- Provided material:
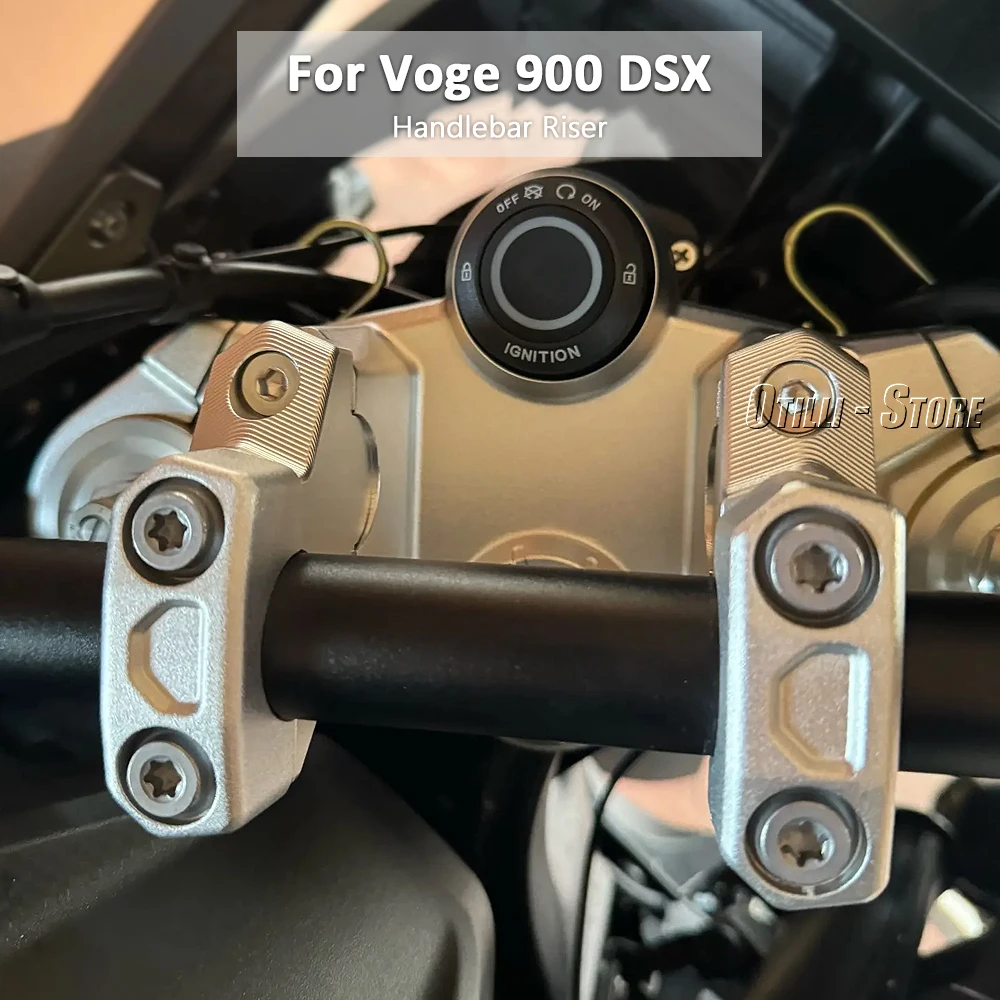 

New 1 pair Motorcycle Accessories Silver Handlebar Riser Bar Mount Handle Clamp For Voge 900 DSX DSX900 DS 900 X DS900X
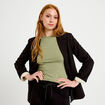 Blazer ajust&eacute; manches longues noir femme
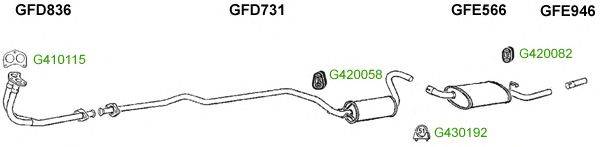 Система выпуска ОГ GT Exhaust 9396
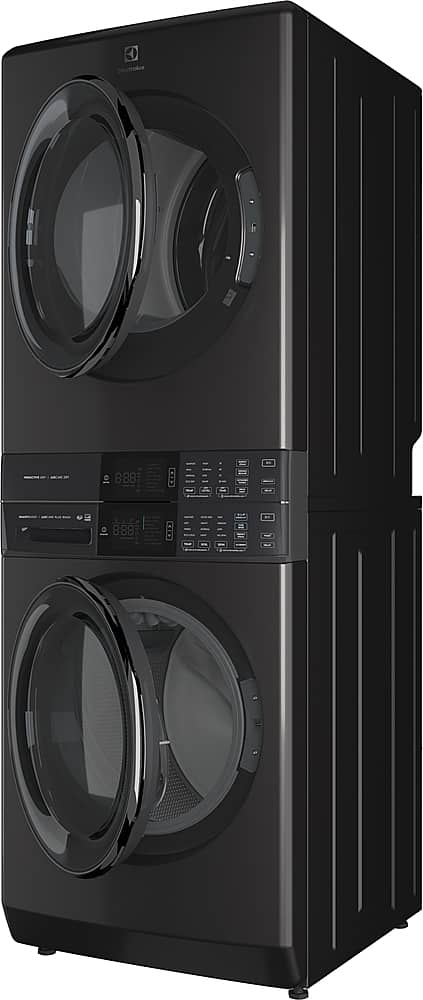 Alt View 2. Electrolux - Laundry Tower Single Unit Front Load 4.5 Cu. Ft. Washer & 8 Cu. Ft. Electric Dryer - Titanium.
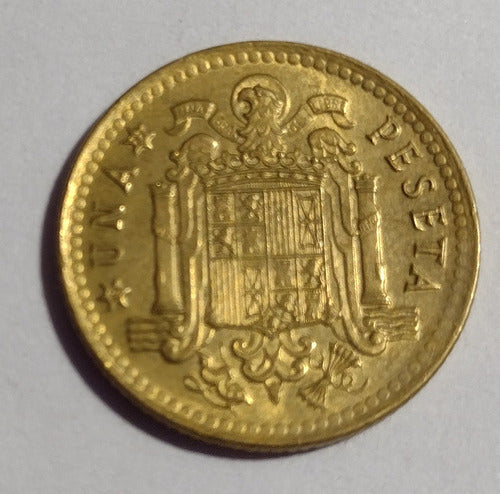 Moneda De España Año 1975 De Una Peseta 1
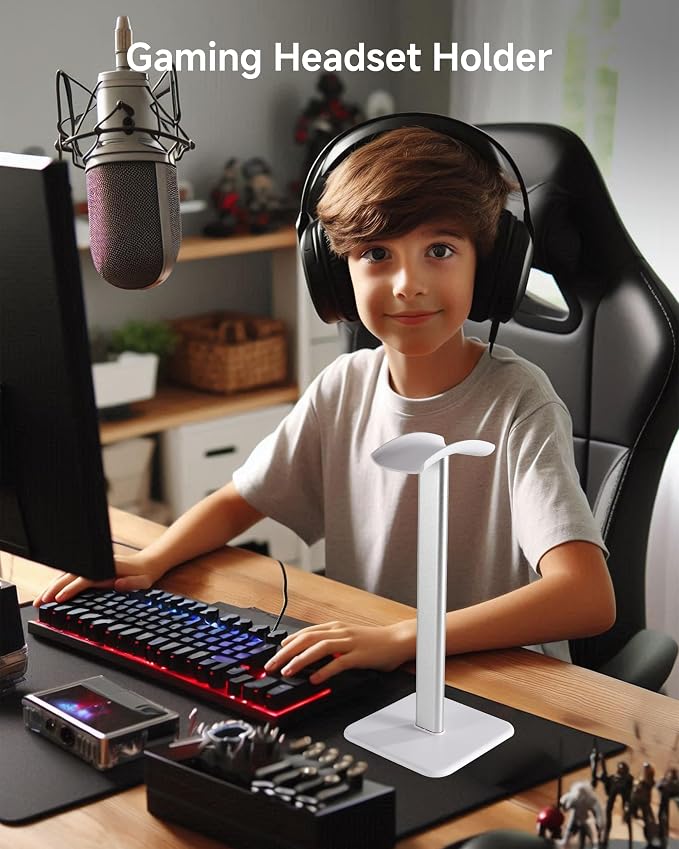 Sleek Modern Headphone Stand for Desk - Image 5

==

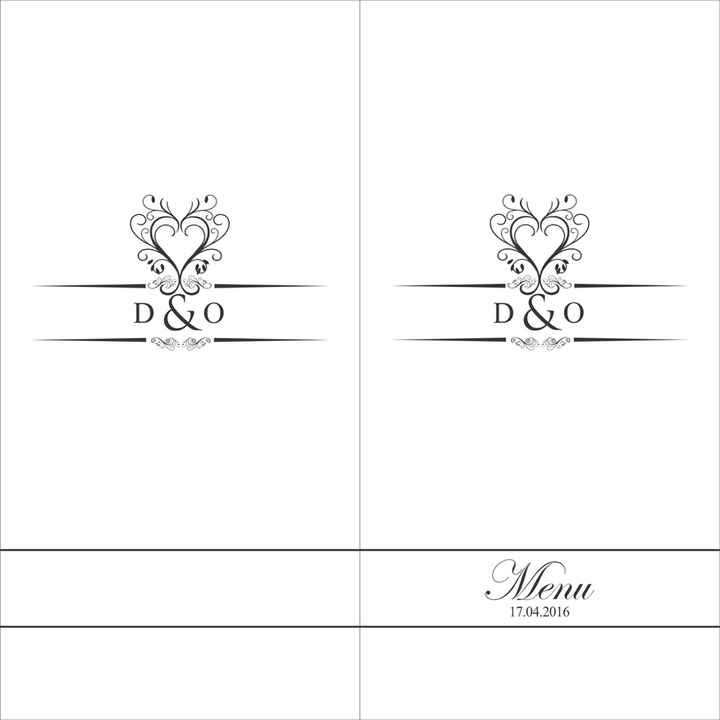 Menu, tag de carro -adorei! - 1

- Activity: Transcribe, from the material above, the stretch starting at the line with "New 1 pair Motorcycle" and ending at the line with "Sleek Modern Headphone", both included, exactly. Do not carry over pictures.

- Exercise answer:
New 1 pair Motorcycle Accessories Silver Handlebar Riser Bar Mount Handle Clamp For Voge 900 DSX DSX900 DS 900 X DS900X
 Blazer ajust&eacute; manches longues noir femme
 Система выпуска ОГ GT Exhaust 9396
 Alt View 2. Electrolux - Laundry Tower Single Unit Front Load 4.5 Cu. Ft. Washer & 8 Cu. Ft. Electric Dryer - Titanium.
 Moneda De España Año 1975 De Una Peseta 1
 Sleek Modern Headphone Stand for Desk - Image 5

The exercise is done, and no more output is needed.